Rosters should be updated by October 31st, 2018. WGANC will send a bill for any new members added between July 1st and September 30th to the handicap chair. The handicap chair should verify the accuracy of the bill and then send i to their club Treasurer for payment. Oayment should be made to NCGA and sent to WGANC for processing.

How much will our 9 hole WNHGA/PWGA members be paying for their GHIN?

NCGA will charge $39 per GHIN and this will be billed through WGANC.

How will the dues payment be done if a lady from the 18-holers wants to come over to the 9-hole group?

Between now and December 31st - treat her as a new 9 hole member. Her 18 hole GHIN should be inactivated by the Proshop. She should be given a new 9 hole number and added to your 9 hole club roster. She wll appear on your Quarter 1 billing along with all members on your current roster and will be charged $39 through WGANC.

After Jan 1st, AND UNTIL YOUR CLUB 9 HOLE NUMBERS HAVE BEEN CHANGED BY USGA - have her keep her 18 hole GHIN and continue to post her 9 hole scores since she will have paid $39 for her number for 2018. Once the club data is transferred then we anticipate that you can simply move her into your club roster with her current 18 hole GHIN and not have to pay and additional $39 GHIN fee.

How will the new GHIN system handle the restriction on the maximum handicap index of 40.4 currently 'imposed' for 18-hole players? Will that imply the maximum index allowed is 20.2 for 9-hole players? How will WNHGA handle the current 9-hole ladies who have a handicap index higher than those maximums?

WNHGA has in the past and will in the future include everyone, no matter what their index is. As far as tournaments are concerned, we have always topped the pops or strokes to be no higher than par. Which means, if the club course is a pr 36, then we would not let you go above 36 pops. That is our only restriction on handicaps. As far as what our new indexes will look like, they will be the same as they are now, just basically doubled (approximately). GHIN has not changed the way they report indexes. The limit of 40.4 is for tournaments, plus they are thinking of raising this number due to the aging of the population.

What happens if a woman has only been posting 18 hole rounds to her 18 hole GHIN and 9 hole rounds to her 9 hole GHIN?

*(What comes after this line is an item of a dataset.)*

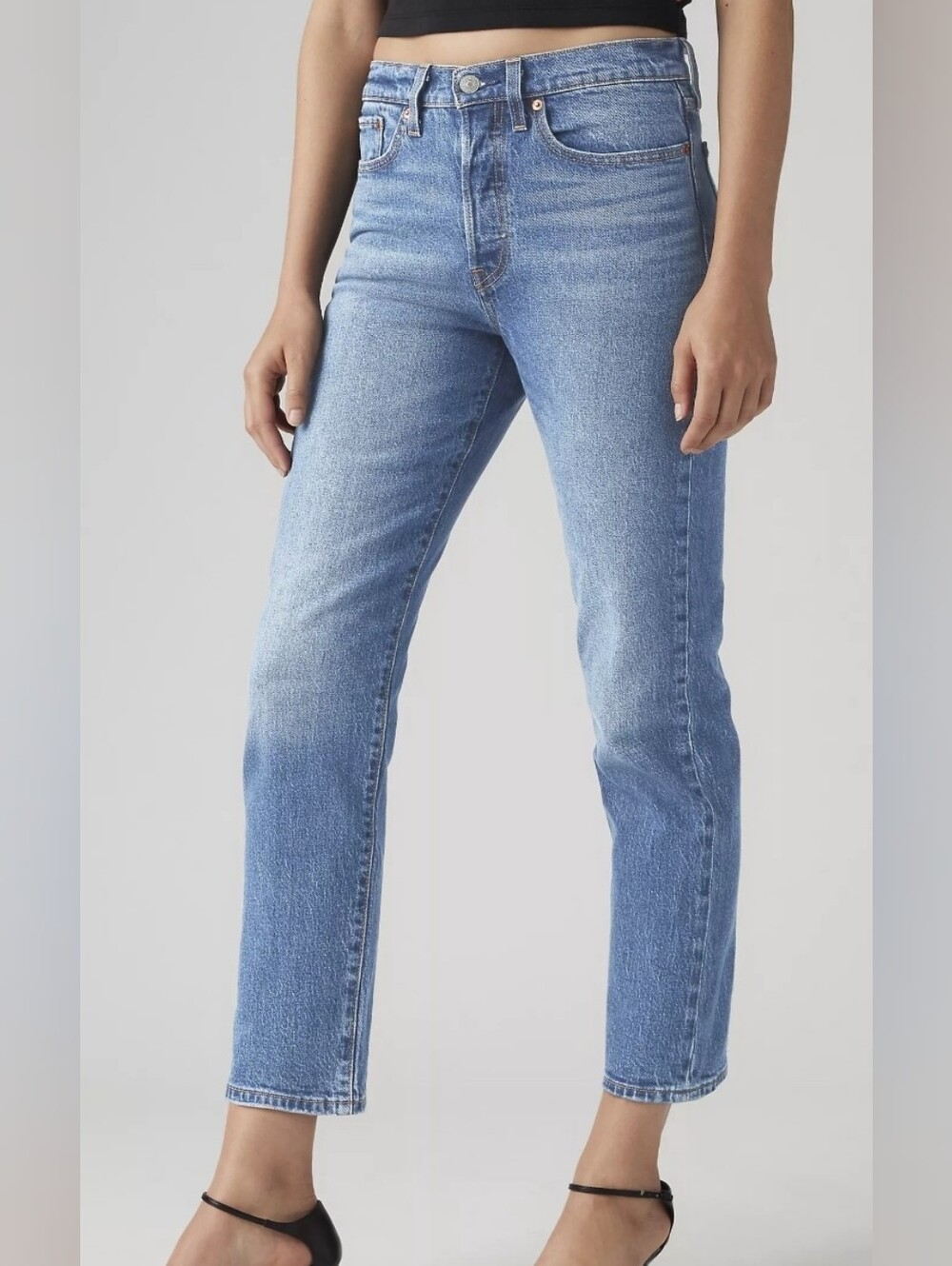 Levis Wegie Straight Button Fly Jeans With Stretch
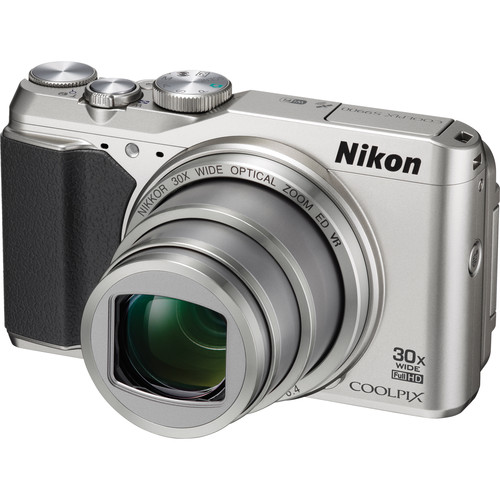 Nikon COOLPIX S9900 Digital Camera (Silver) 26498 B&H Photo Video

Per USGA rules, the woman should have been posting all scores to both GHINs. Unless she manually prints out the data from 18 hole GHIN and has entered by the handicap chair manually into her 9 hole GHIN, the data will be lost when she closes out her 18 hole GHIN.

Posting a Score

I'm playing in a fun game and we give mulligans and take an occasional 'hand shot' from a bunker, can I post my score?

If you are playing in a WNHGA sanctioned tournament (Team Play, TOC, Open Days), you may not take a mulligan, hand shot, or gimmee. The USGA does not recognize or sanction those actions. In all WNHGA events, you must play by the USGA Rules of Golf.

However, according to the NCGA and Rules Gurus, Gail Rogers and Ryan Gregg, if you are playing in an invitational or casual game and you take a mulligan or a 'hand shot', you must score that hole as par plus 'pops' AND as long as you play 7 of the 9 holes using USGA Rules (no mulligans or 'hand shots' or gimmees), you must post your score.

If you are posting an 18-hole score, you must play 13 of the 18 holes using USGA Rules in order to post.

Note: if you are posting two nine-hole scores (for a nine hole handicap), then each nine holes posted must have seven holes played using USGA Rules.

What if I take one mulligan on each hole?

You cannot post because you did not play 7 of 9 holes according to the rules.

I'm a beginning golfer. What if I pick up? Do I take my maximum (in my case 10)? May I still post?

As long as you have started the hole, you can post a score no matter how many times you pick up. The key is this: if you pick up, you give yourself 'your most likely' scroe that does not exceed your maximum.

You can do this for all nine holes and still post your score.

Then when do I take 'par plus pops'?

On any hole where you did not 'start' the hole or when you did not follow the USGA Rules on that hole, you score 'par plus pops'. Again, you can take 'par plus pops' on only 2 of 9 in a 9-hole round or 5 of 18 holes on an 18-hole round in order to post.